I have a lot of homework and a lot of catching up to do in order to further define where I stand in the world. Thank god for Wikipedia and 'the Google'.


Tuesday, September 09, 2008

deep inside the music, literally


"In conjunction with Creative Time, Playing the Building is an installation by David Byrne that transformed a 9,000 square foot abandoned room in Lower Manhattan's Battery Maritime Building into an instrument for the summer. An antique pump organ controls devices that create sounds using the building's infrastructure, including heating pipes, metal beams and pillars.

For a special event last month, curator Mark Beasley invited accomplished musicians to perform an improvisational piece with the building. The result is a captivating musical experience."

- coolhunting.com


*Sigh* ...I wish I could be there, in that building, deep inside it as a musical instrument, deep inside the music.


Wednesday, September 03, 2008

stroke of fake


^ Art Authentication: a taste of fakery | The entire episode on Nova scienceNOW (13 min.)

If you're a reasonably good judge of character you can spot fakery in someone perhaps right away (or perhaps not, how unfortunate for them). Sometimes a bit of scientific knowledge or psychology helps. But what if it isn't a person? What if it's a work of art created by a master and worth tens of millions of dollars? In this case, a lot of science helps a great deal. Well, that and a very keen eye, patience, a bit of scrupulous detective work, and luck.

The full version of this Nova special focuses on the cutting edge computer technology involved in discerning the authentic van Gogh from a counterfeit made by the very skilled painter, setting up a suspenseful forensic game of cat and mouse. I'll not tell you if the scientists and art experts were spot on with the real work or put on the spot by the fake. You'll just have to watch the video and see for yourself.

< Starry Night, Saint-Rémy-de-Provence, by Vincent van Gogh, 1889. Oil on canvas. The Museum Of Modern Art, New York.

This one is hands down my favourite piece from van Gogh (btw, the proper pronunciation is 'vuhn-HOC', as I learned from watching the video - I am soooo much smarter now! LOL!).

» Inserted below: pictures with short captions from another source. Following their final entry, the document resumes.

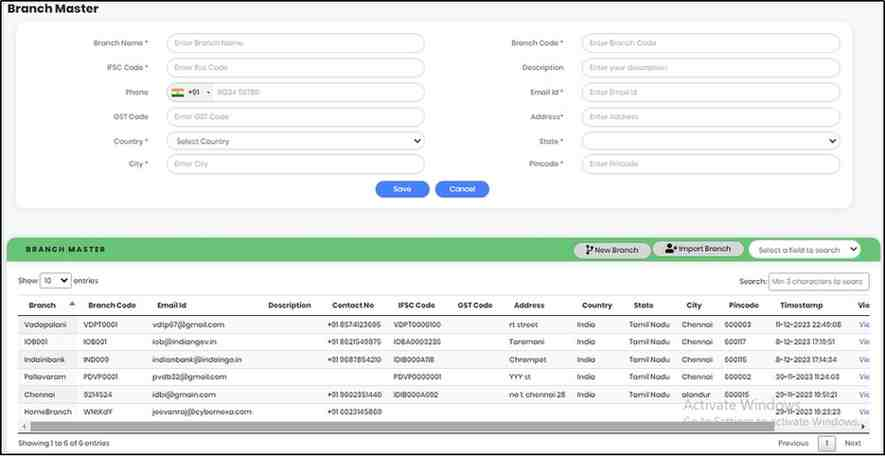 Adding a new Branch Screen - CyLock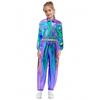 Unisex Kids Metallic Jacket Turn Down Collar Long Sleeve Outwear with Shiny Pants Dance Set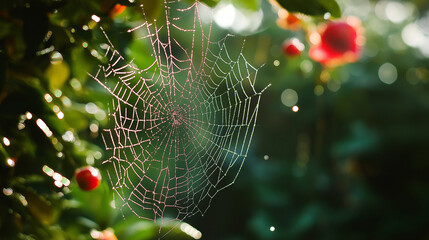 spider web with dew drops in the morning 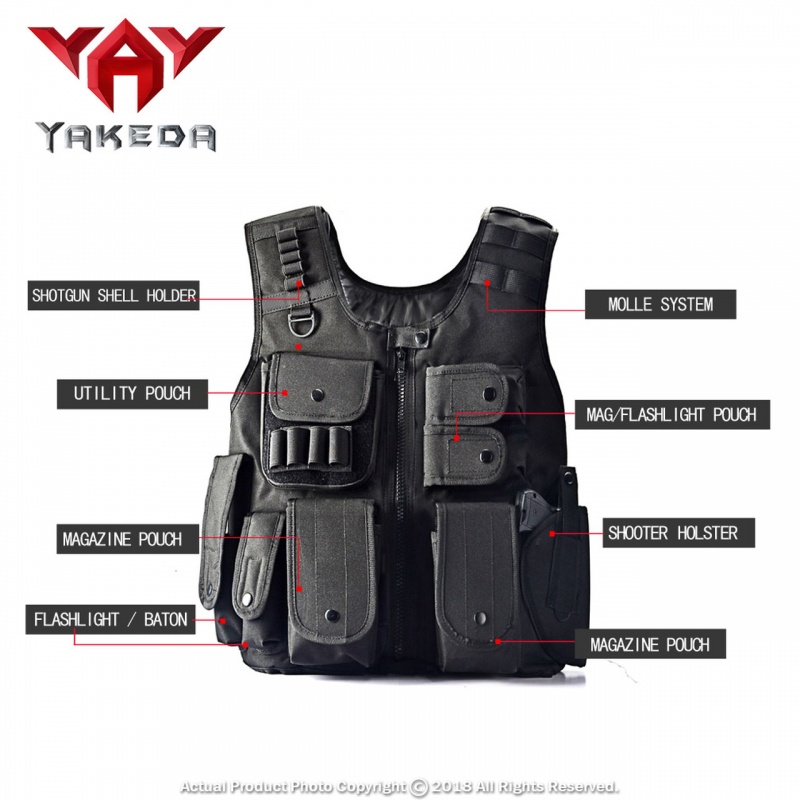 Tactical Vest Law Enforcement Airsoft Paintball Armor Jacket Bk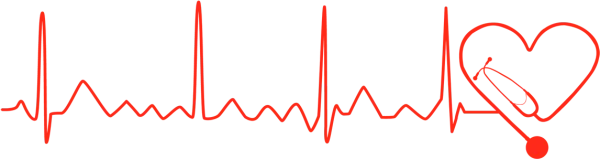 Red Heartbeat Line with Stethoscope PNG Transparent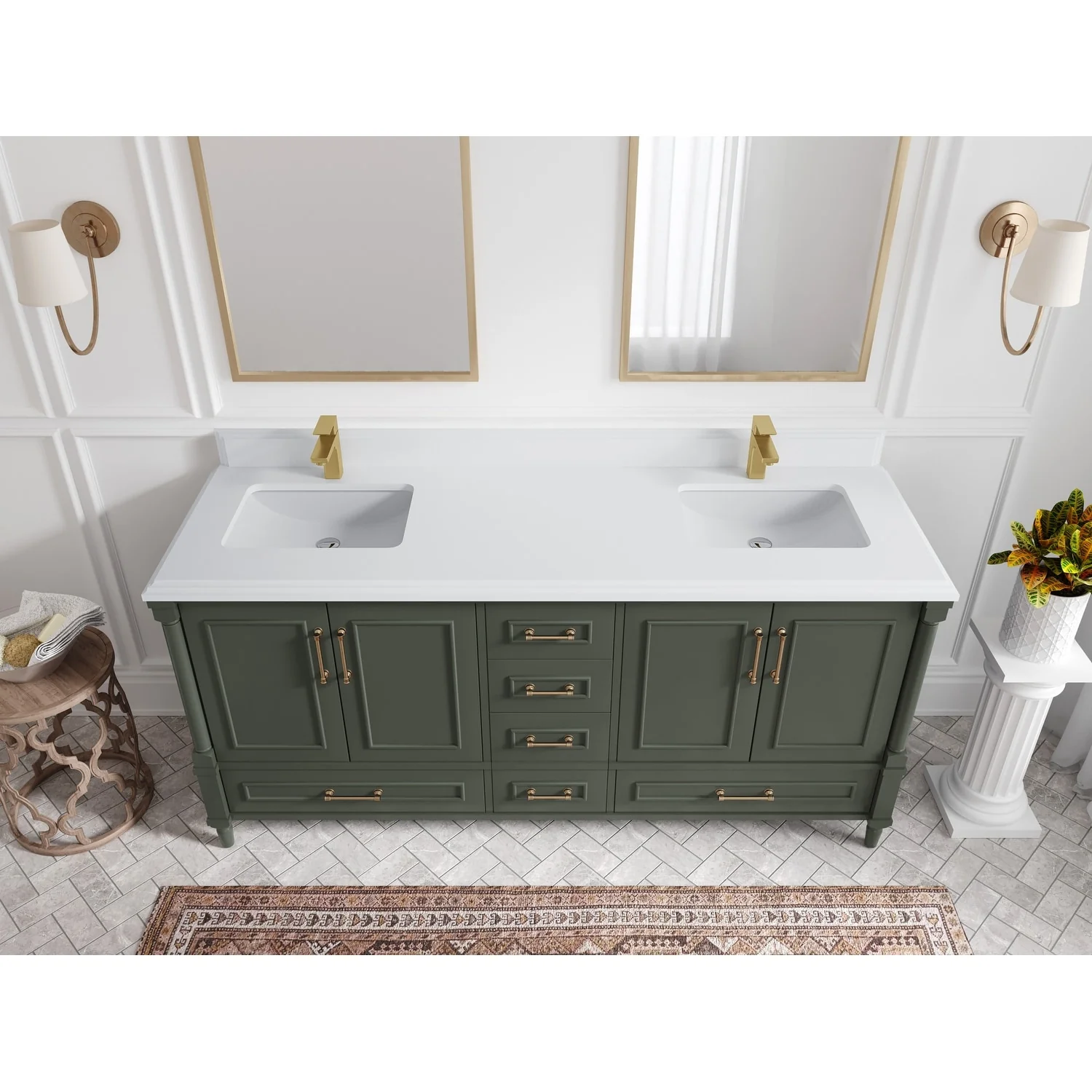 Willow Collections 72 in. W x 22 in. D Aberdeen Double Sink Bathroom Vanity with Countertops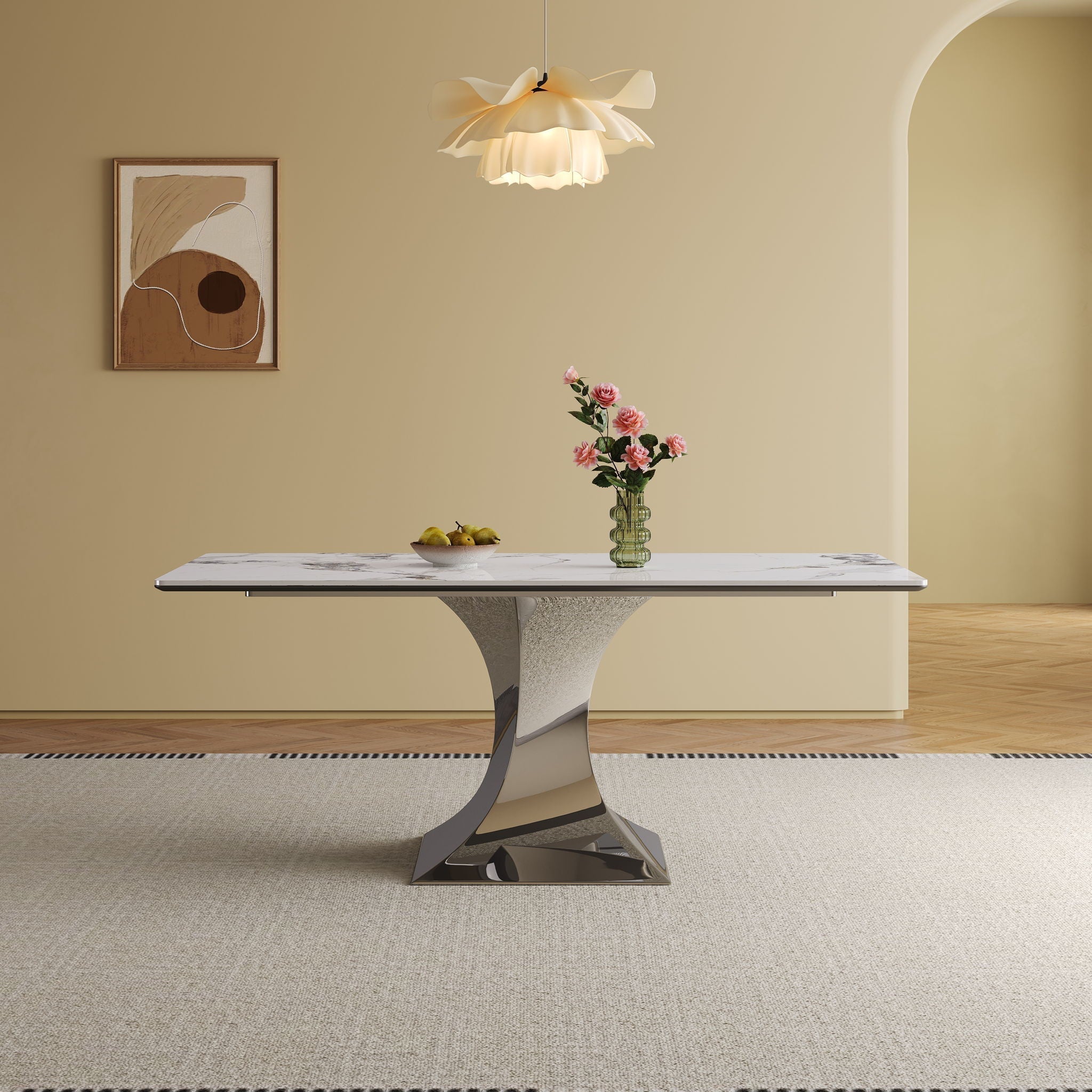 Modern Rectangular Dining Table For 6 With Chairs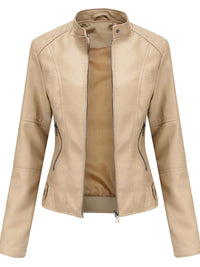 Damen Taillierte Bikerjacke mit Reißverschluss Eleganter Kunstleder-Look – Beige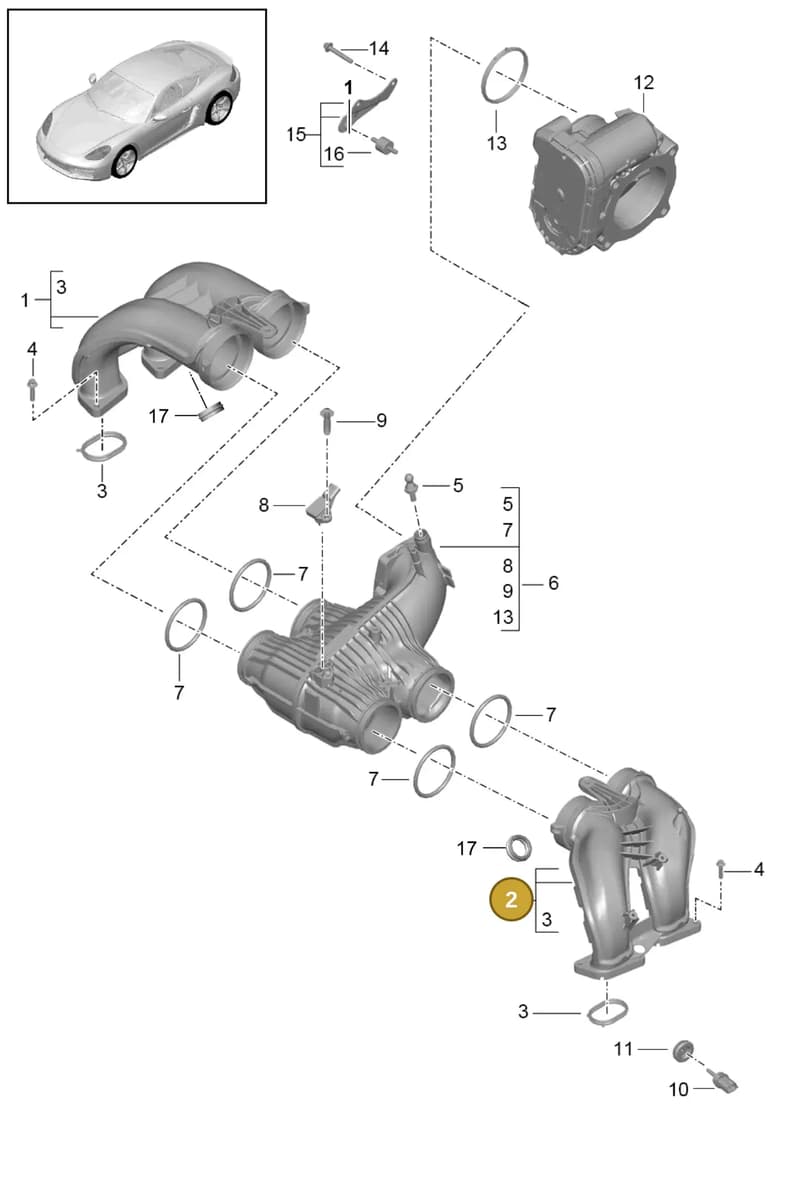 9A211003201 — Porsche Cayman (2016-2019) diagram p50107010, position 2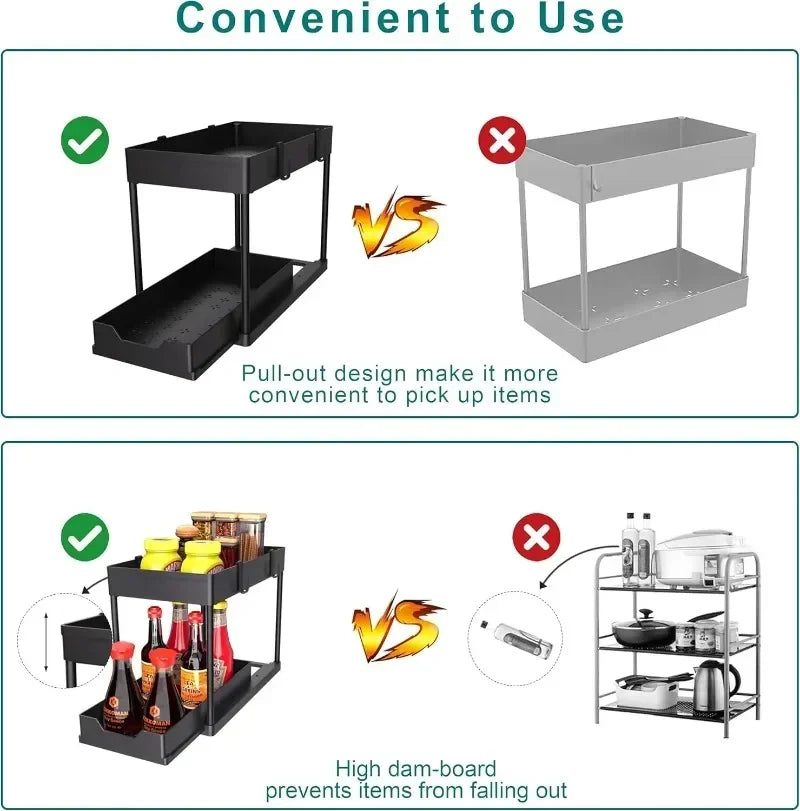 Kitchen Storage Under Sink Organizer 2 Layer Pull Out Multifunctional Drawer Shelf Organizer Bathroom Desktop Cabinet Rack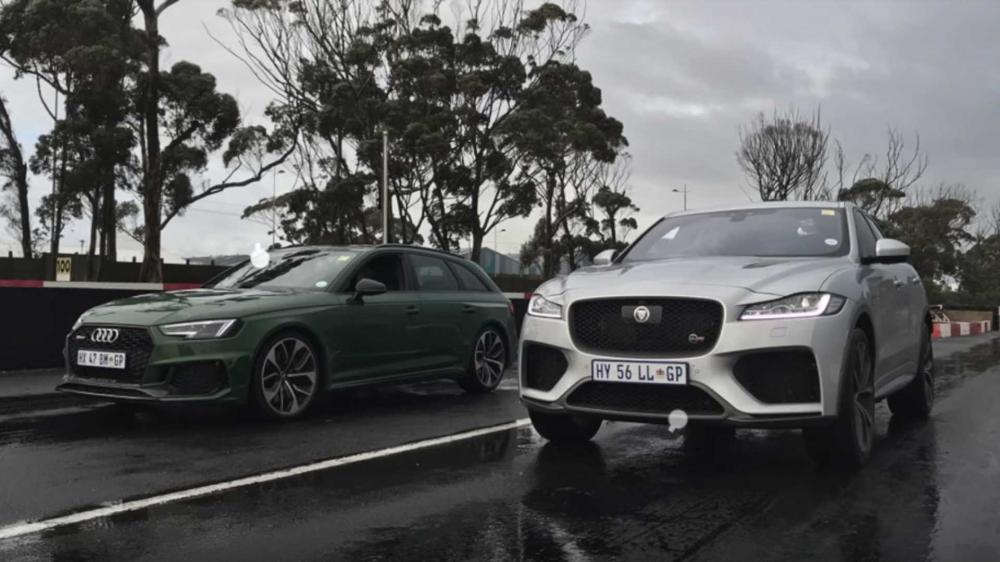 Видео: Jaguar F-Pace SVR бросает вызов Audi RS4 Avant на мокрой трассе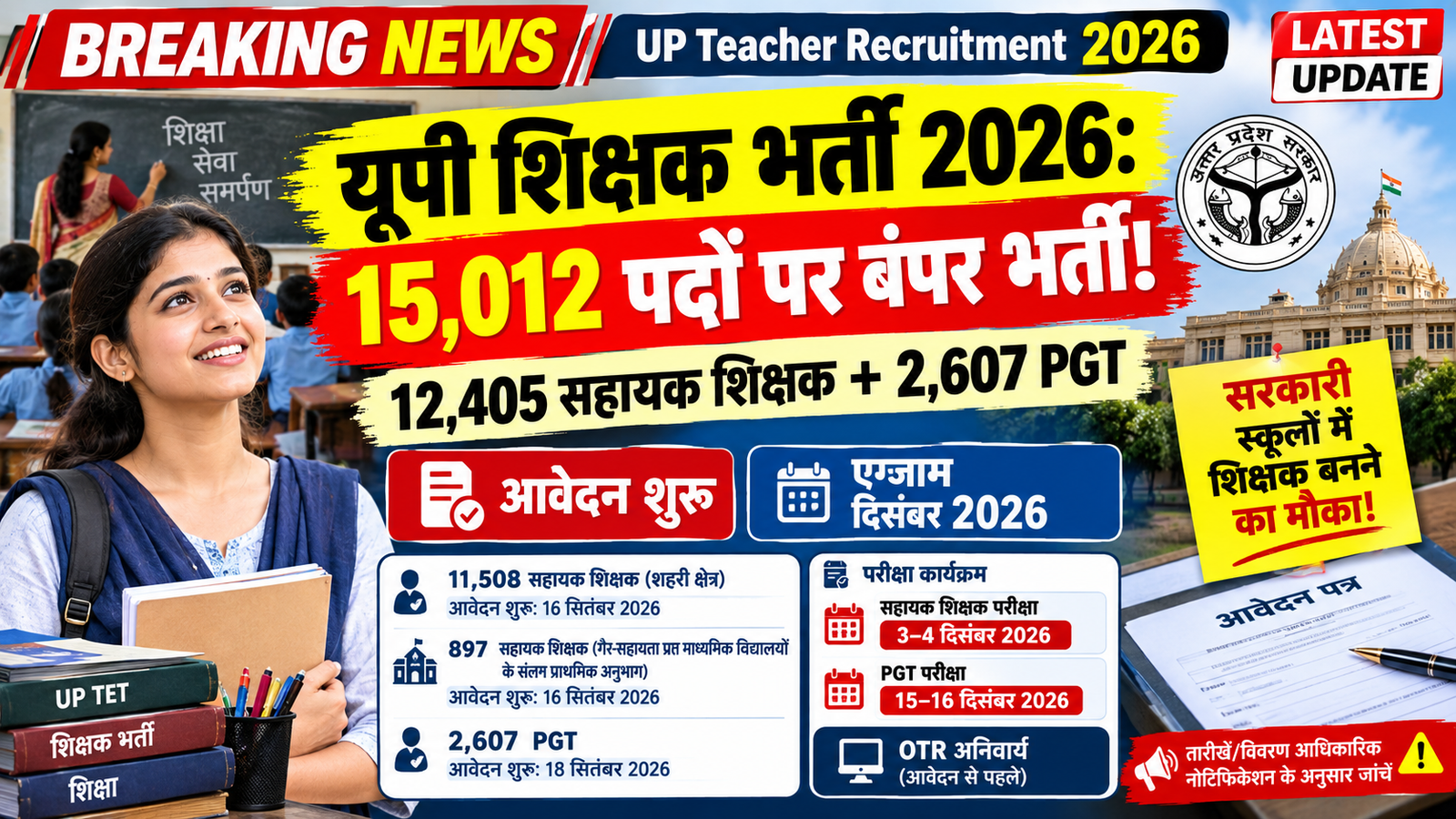 UP Teacher Recruitment 2026 Breaking News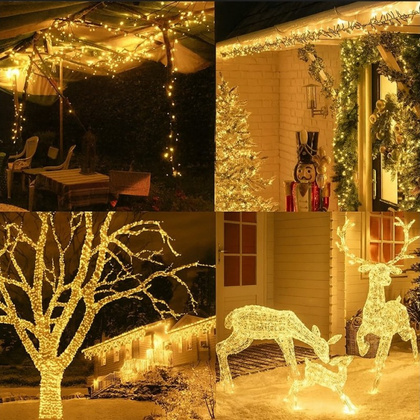 Zewnętrzne/ wewnętrzne lampki choinkowe drucik 500 LED 50m, ciepłe białe LAMP36CB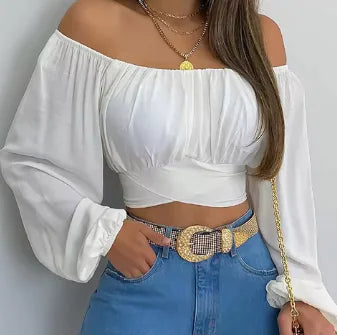 2025 Women's Off Shoulder Printed Blouses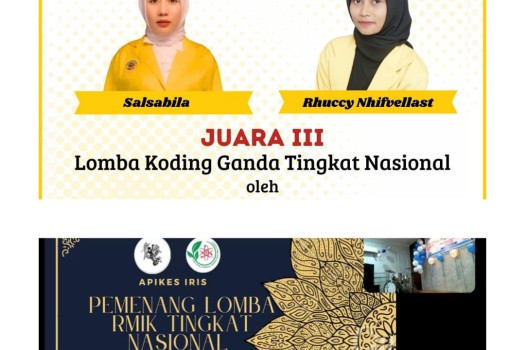 PRESTASI DI RAIH MAHASISWI DALAM RANGKA KEGIATAN PERLOMBAHAN CODING GANDA TINGKAT NASIONAL TAHUN 2023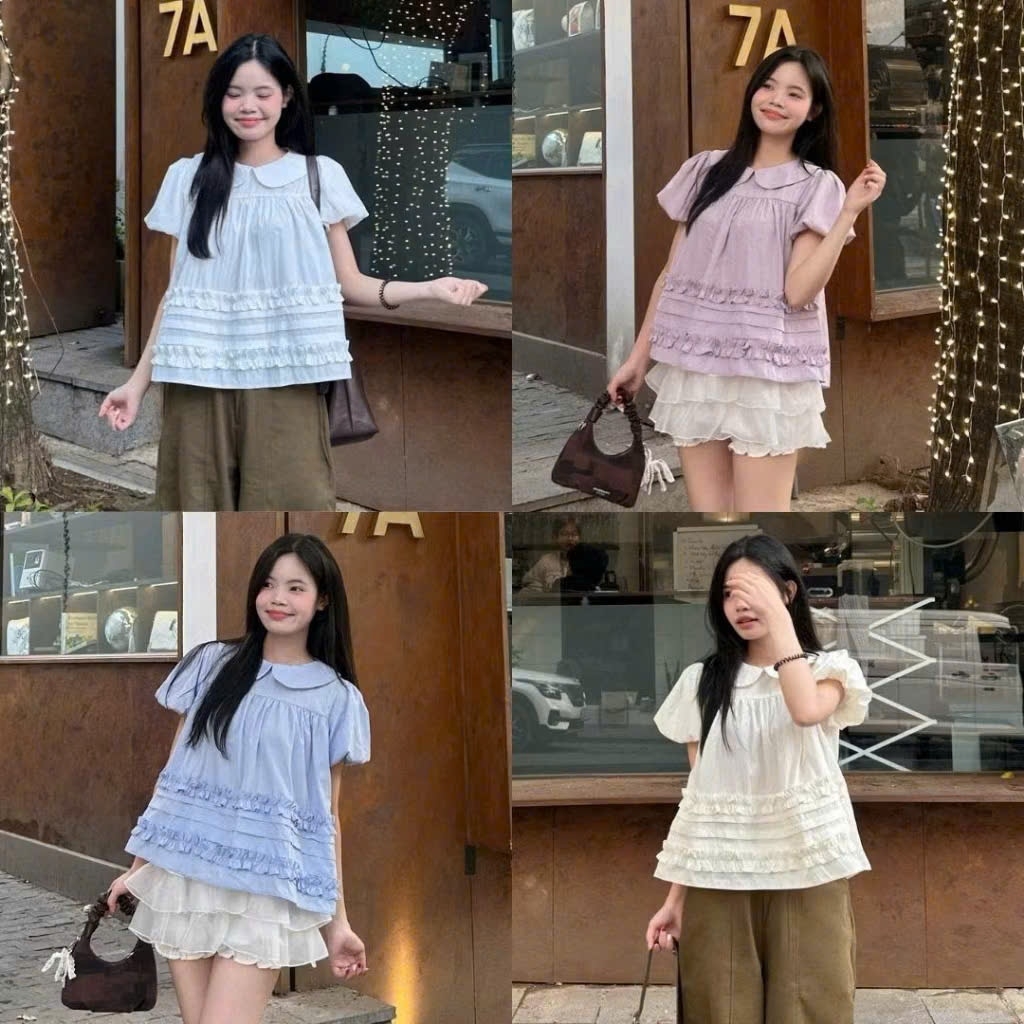 Áo sơ mi nữ cổ sen -Áo nữ cổ Peter Pan bèo tầng dễ thương Joolate form rộng tiểu thư Hàn Quốc Joolate 256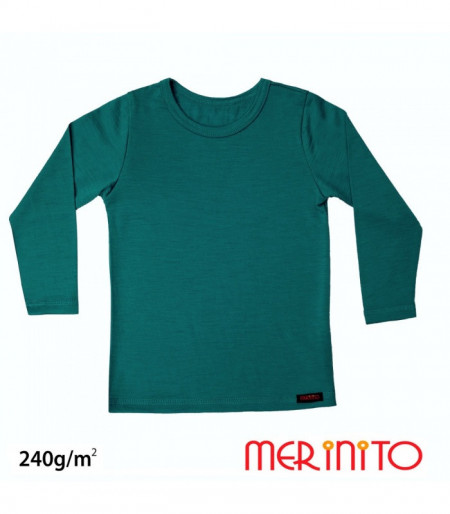 Bluza copii Merinito 240g lana merinos si bambus - Albastru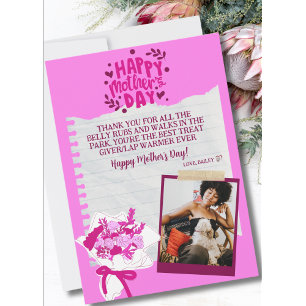 Cute Funny Pet Mother's Day Personalized Holiday Card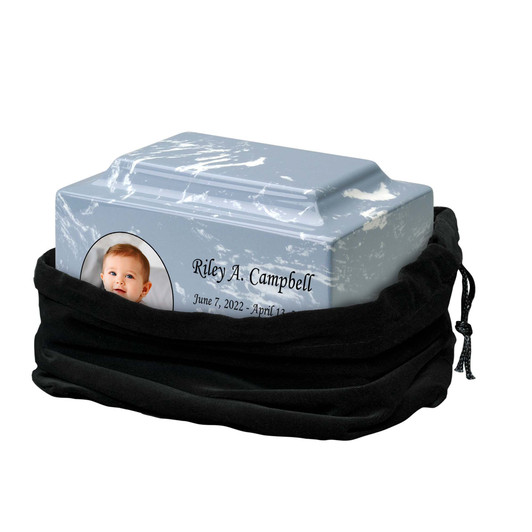 Custom Photo Baby Infant Child Classic Cultured Marble Cremation Urn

I never tire of gazing into it and surrendering, as if in a dream. It's magical, dynamic, engulfing and I feel like I could, at any second, be lifted off the ground and swirled up in the atmosphere by the effervescence of the indigo night sky and I feel the cooling breeze and see the faintest glow of moonlight on my skin. Van Gogh was nothing if not a unique visionary to bless the viewer with such an emotionally and psychologically charged transfixing experience through the deceptively simple brush stroke on humble canvas.





Thursday, August 07, 2008

william wegman


^ William Wegman Short Films. Knock yerself out.

He is one of my favourite and cherished artists, a maverick and frontiersman bravely exploring the surreality, irony, absurdity, darkness, and profound existential hilarity of human nature. I first discovered his videos and photographs while in high school in the early 80s when I took summer classes at The Art Institute Of Chicago (where I subsequently got my Bachelor Of Fine Arts degree). One of the classes I took was video art and we got an introduction to the relatively new medium as a powerful experimental tool for expression. To see the incredible and varied possibilities of video we watched some works by innovative, avante garde artists like Vito Acconci, Bill Viola, Andy Warhol, and of course, William Wegman.

I'd go on but for now I'll let William Wegman himself explain it (a full gallery of his stuff is there).


I would sooooo love to have a doogie like this.